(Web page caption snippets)
------------------------------------
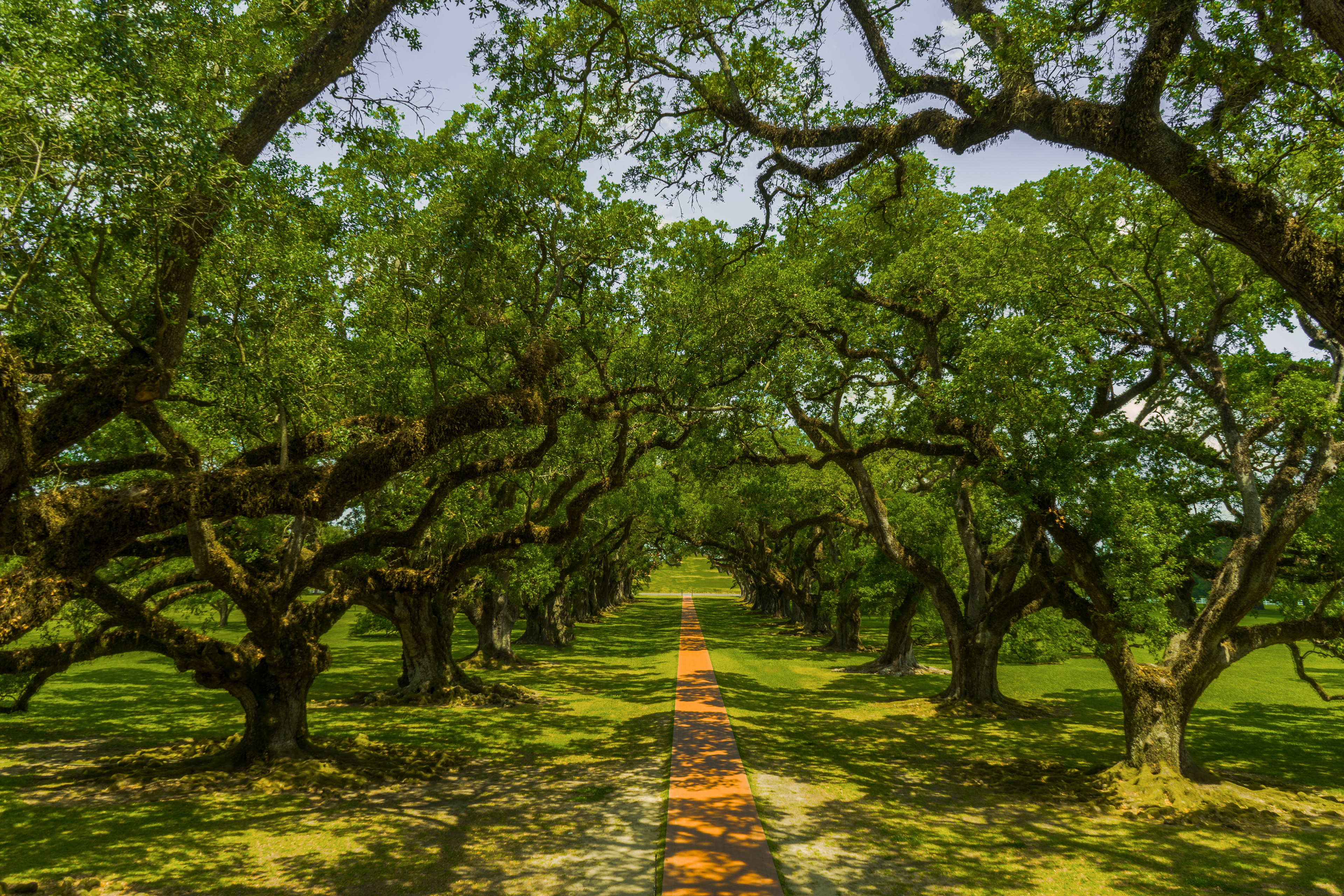 New Orleans by Pablo Saccinto
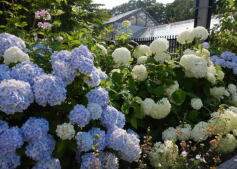 8月の写真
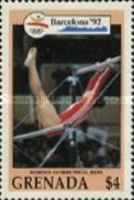 Women's gymnastics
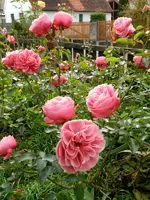 20-Rosen.webp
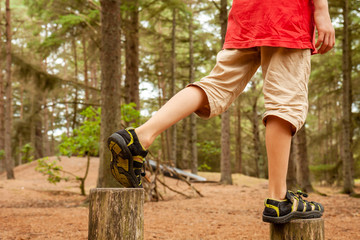 Obraz premium Boy balancing on trees - jumping from one to the other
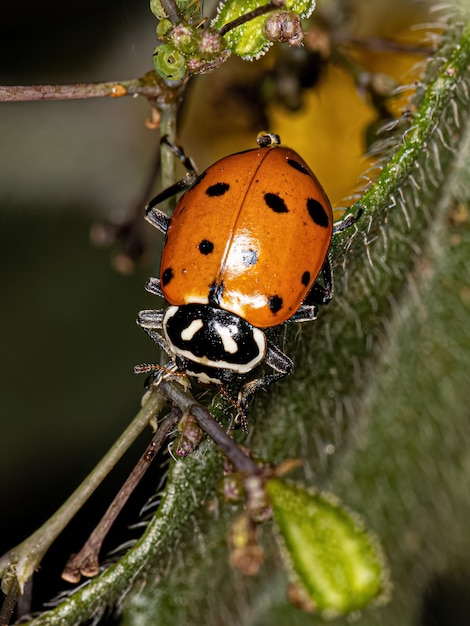 Adult Convergent Lady Beetle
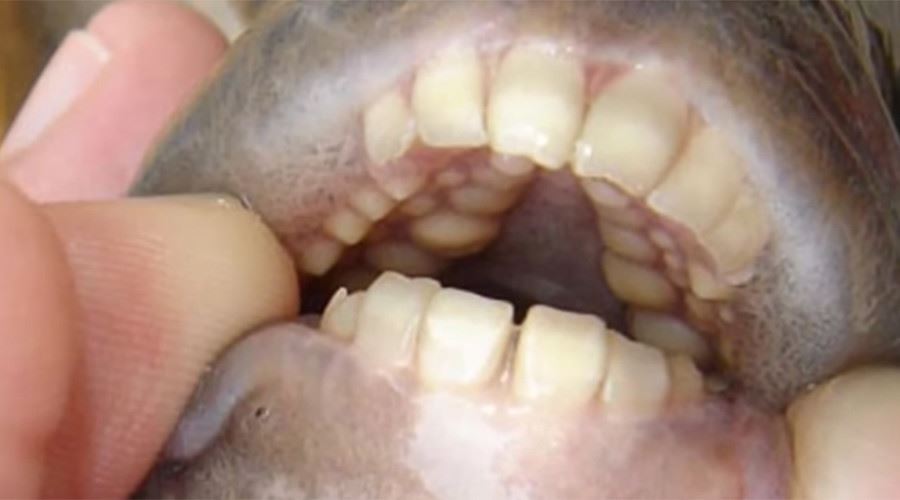 صید گونه‌ای از ماهی با دندان‌هایی شبیه دندان‌های انسان (+ عکس)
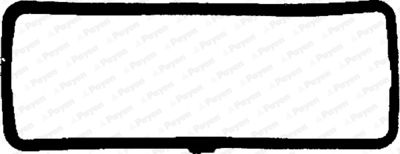 Прокладка, крышка головки цилиндра PAYEN JN658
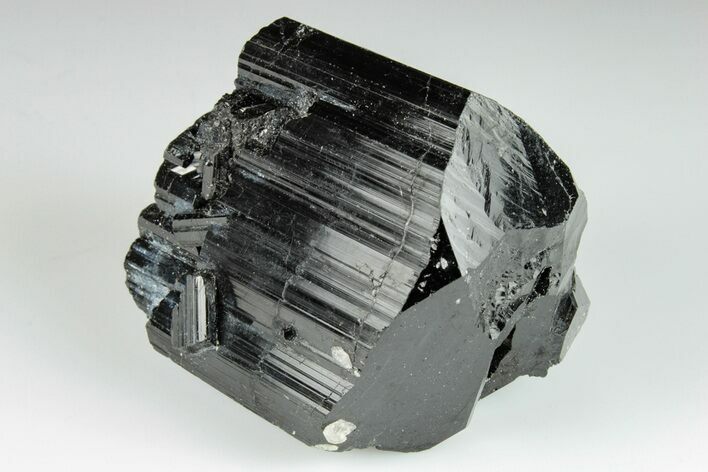 Terminated Black Tourmaline (Schorl) Crystal - Madagascar #200433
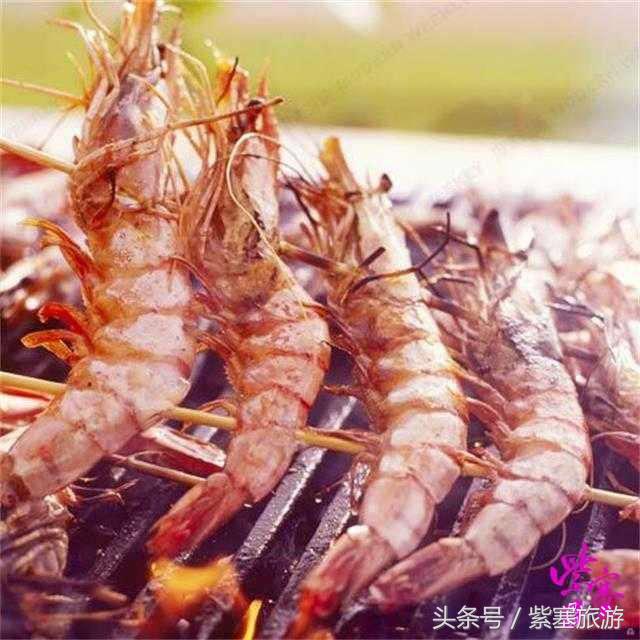 农家院采摘联盟(紫塞)乡村游攻略十六:唐山乐亭老船家农家院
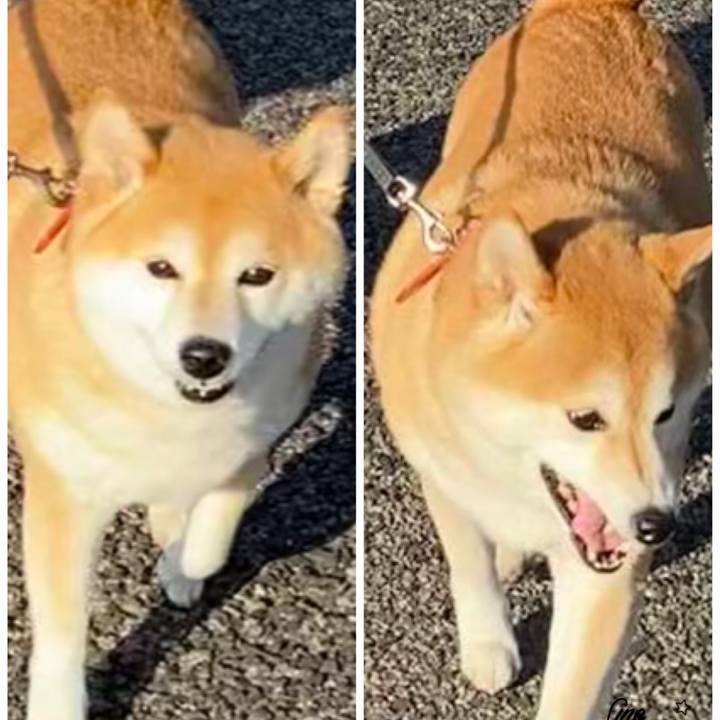 86e9ecaf 62cf 42c4 8e85 bd316211c8d5 1614351022289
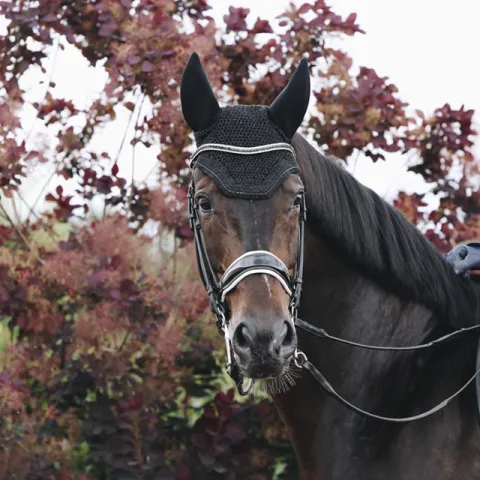 Prix Bas Bonnet Wellington Sparkling - Kentucky - Marron - Cheval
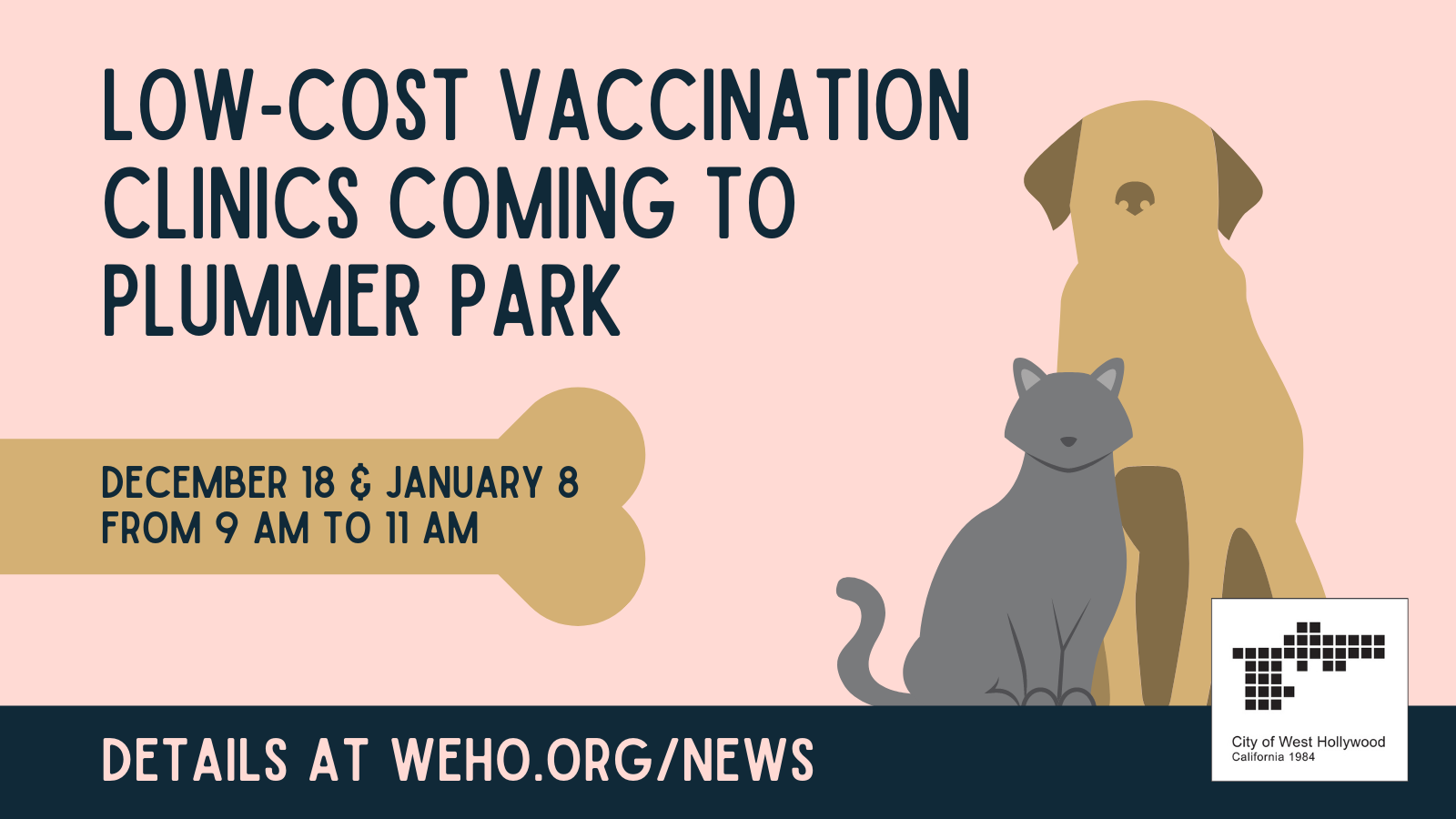 Low-Cost Vaccination Clinics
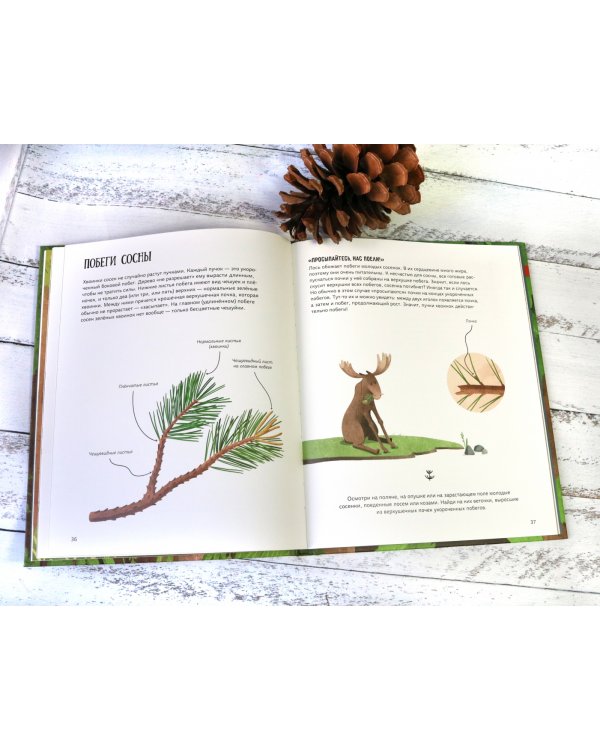 Елка и ее родственники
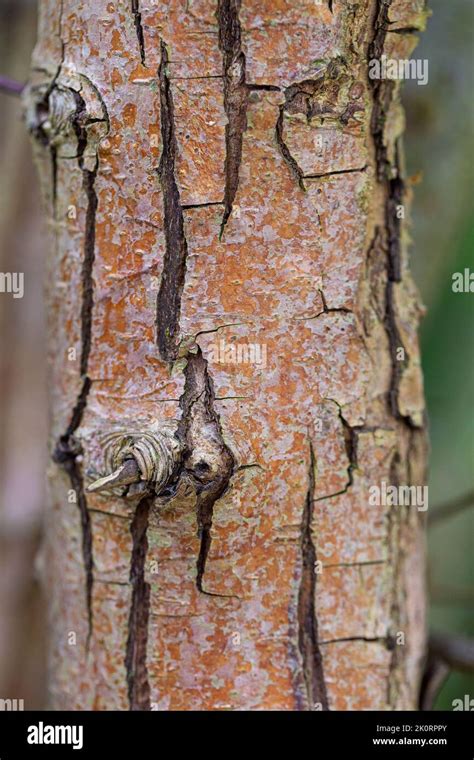 Crataegus laevigata bark Stock Photo - Alamy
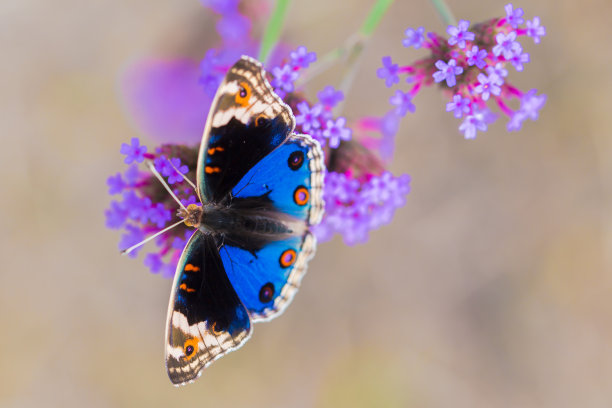 蝴蝶照片素材ID：131824168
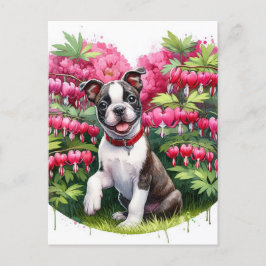 Boston Terrier Puppy Bleeding Herz-Blume Postkarte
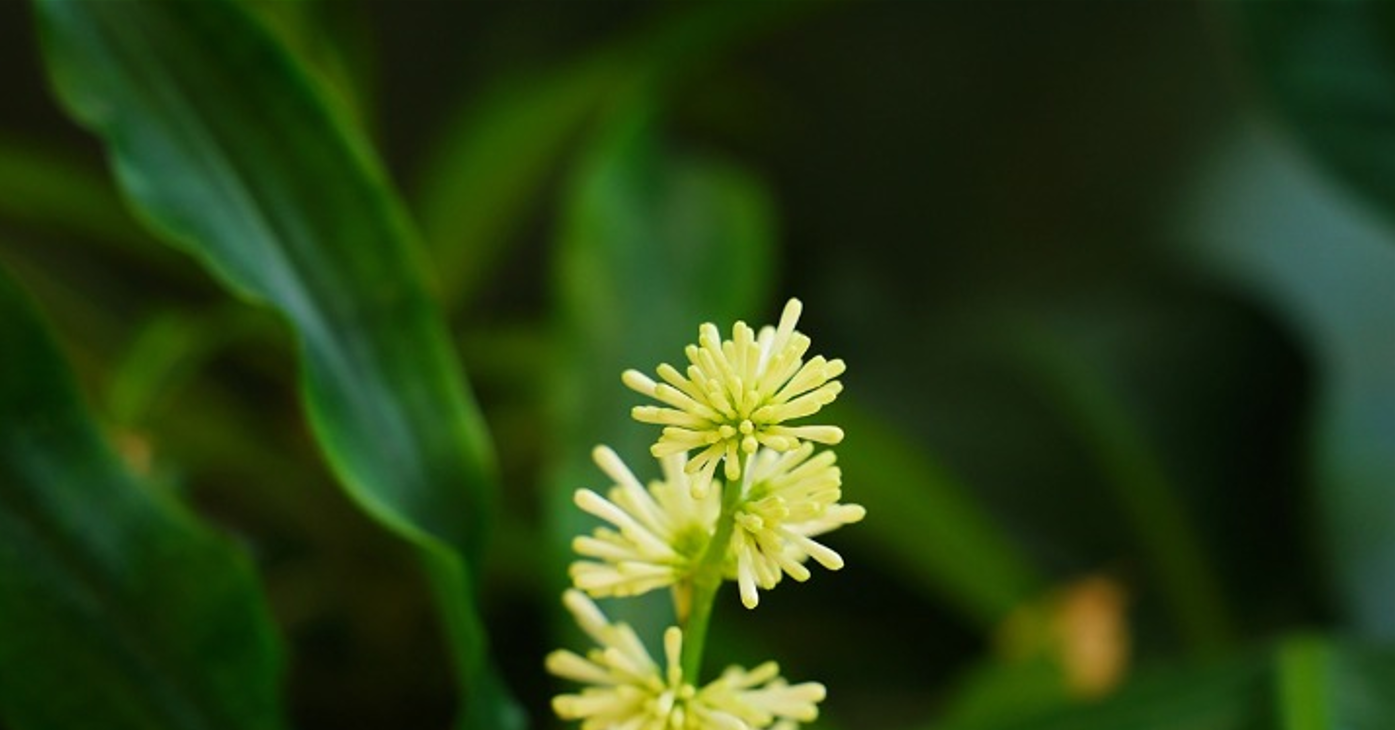 Cách trồng và ý nghĩa phong thủy của cây thiết mộc lan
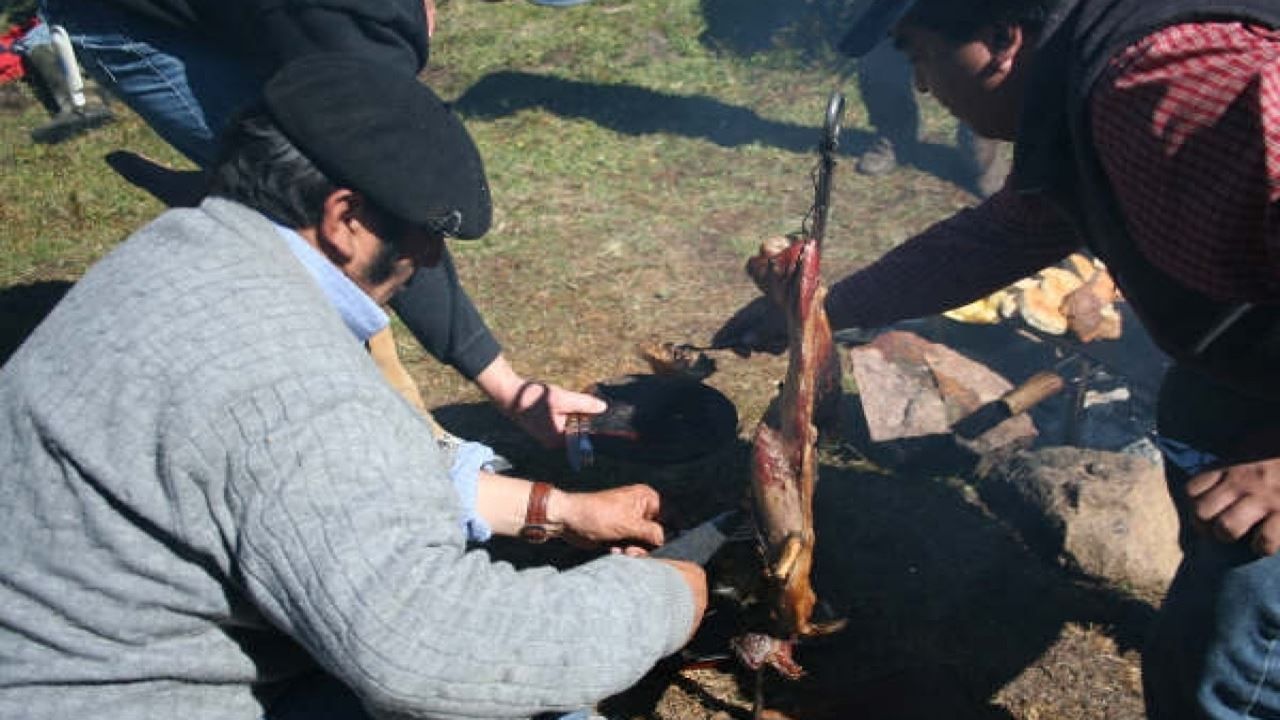 Imagen del tour: Gaucho Patagon Tradiciones Campestres En Coyhaique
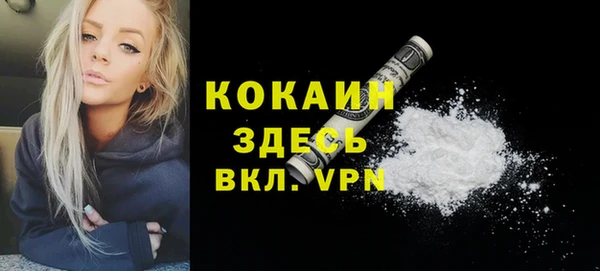 твердый Верхний Тагил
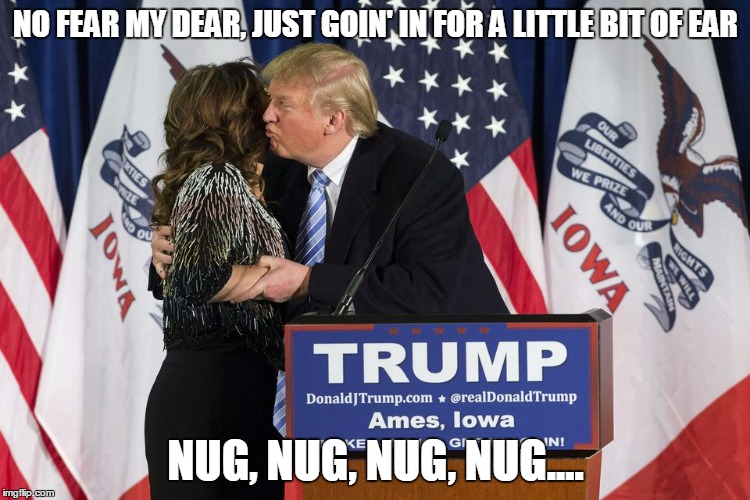 not going to suck out much life force there, dude | NO FEAR MY DEAR, JUST GOIN' IN FOR A LITTLE BIT OF EAR; NUG, NUG, NUG, NUG.... | image tagged in sarah palin,donald trump,election 2016,politics | made w/ Imgflip meme maker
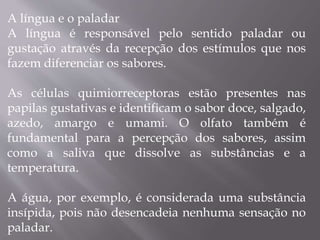 A língua e o paladar
A língua é responsável pelo sentido paladar ou
gustação através da recepção dos estímulos que nos
fazem diferenciar os sabores.
As células quimiorreceptoras estão presentes nas
papilas gustativas e identificam o sabor doce, salgado,
azedo, amargo e umami. O olfato também é
fundamental para a percepção dos sabores, assim
como a saliva que dissolve as substâncias e a
temperatura.
A água, por exemplo, é considerada uma substância
insípida, pois não desencadeia nenhuma sensação no
paladar.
------------------------------------
WHAT YOU HAVE TO DO:
Start at the line containing "temperatura." and transcribe through the end of the entries. Please keep both ends and add nothing.

RESULT:
temperatura.
A água, por exemplo, é considerada uma substância
insípida, pois não desencadeia nenhuma sensação no
paladar.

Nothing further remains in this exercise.